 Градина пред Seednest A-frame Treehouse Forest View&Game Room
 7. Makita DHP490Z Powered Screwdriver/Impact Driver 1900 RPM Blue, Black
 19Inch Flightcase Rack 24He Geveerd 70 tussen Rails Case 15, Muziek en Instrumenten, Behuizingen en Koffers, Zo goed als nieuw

== == ==

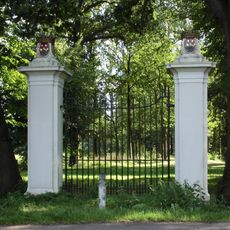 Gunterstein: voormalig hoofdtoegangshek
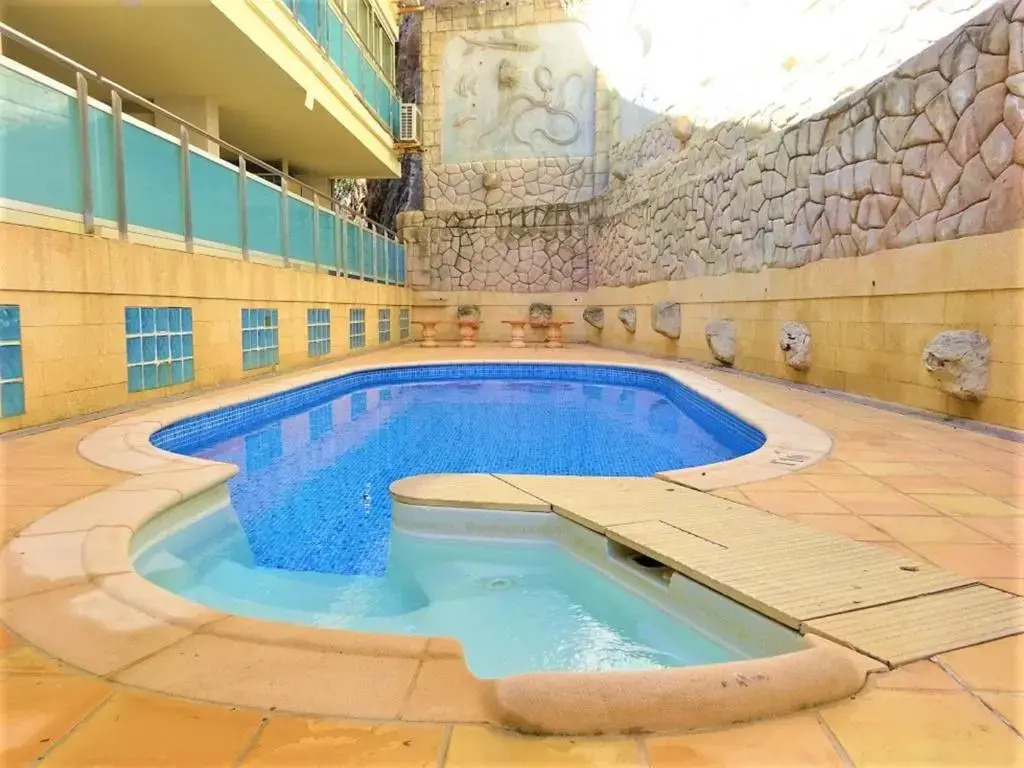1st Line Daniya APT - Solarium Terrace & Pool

== == ==

▶ _Work instructions_
Copy the records above exactly, beginning at the line that contains "7. Makita DHP490Z" and stopping after the line that contains "19Inch Flightcase Rack".

▶ _Final answer_
 7. Makita DHP490Z Powered Screwdriver/Impact Driver 1900 RPM Blue, Black
 19Inch Flightcase Rack 24He Geveerd 70 tussen Rails Case 15, Muziek en Instrumenten, Behuizingen en Koffers, Zo goed als nieuw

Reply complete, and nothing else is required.